Problem
From the data below, return all lines holding the string "Black".

(Web page caption snippets)

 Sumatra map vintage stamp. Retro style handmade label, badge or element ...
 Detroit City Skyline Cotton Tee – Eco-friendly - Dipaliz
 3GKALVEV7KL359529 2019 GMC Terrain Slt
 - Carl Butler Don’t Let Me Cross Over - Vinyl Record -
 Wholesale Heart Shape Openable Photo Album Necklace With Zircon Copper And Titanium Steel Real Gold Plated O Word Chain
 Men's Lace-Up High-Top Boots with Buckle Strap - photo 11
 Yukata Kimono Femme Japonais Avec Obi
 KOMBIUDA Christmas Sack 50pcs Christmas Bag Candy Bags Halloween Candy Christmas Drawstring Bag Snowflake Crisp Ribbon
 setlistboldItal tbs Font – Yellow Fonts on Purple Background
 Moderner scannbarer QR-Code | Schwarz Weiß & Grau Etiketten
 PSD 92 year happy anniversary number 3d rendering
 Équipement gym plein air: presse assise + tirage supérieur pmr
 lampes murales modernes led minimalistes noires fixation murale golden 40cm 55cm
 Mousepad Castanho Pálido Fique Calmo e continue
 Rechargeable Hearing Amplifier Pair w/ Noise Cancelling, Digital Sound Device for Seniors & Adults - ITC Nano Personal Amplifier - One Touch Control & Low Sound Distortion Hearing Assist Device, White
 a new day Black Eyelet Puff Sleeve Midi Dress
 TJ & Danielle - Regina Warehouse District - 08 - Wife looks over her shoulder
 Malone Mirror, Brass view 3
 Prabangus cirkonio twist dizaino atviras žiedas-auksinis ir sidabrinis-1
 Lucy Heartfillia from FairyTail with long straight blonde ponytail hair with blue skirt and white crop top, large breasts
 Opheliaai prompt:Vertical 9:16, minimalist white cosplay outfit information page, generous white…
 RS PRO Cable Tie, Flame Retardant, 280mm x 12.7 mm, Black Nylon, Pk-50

Response box
 a new day Black Eyelet Puff Sleeve Midi Dress
 RS PRO Cable Tie, Flame Retardant, 280mm x 12.7 mm, Black Nylon, Pk-50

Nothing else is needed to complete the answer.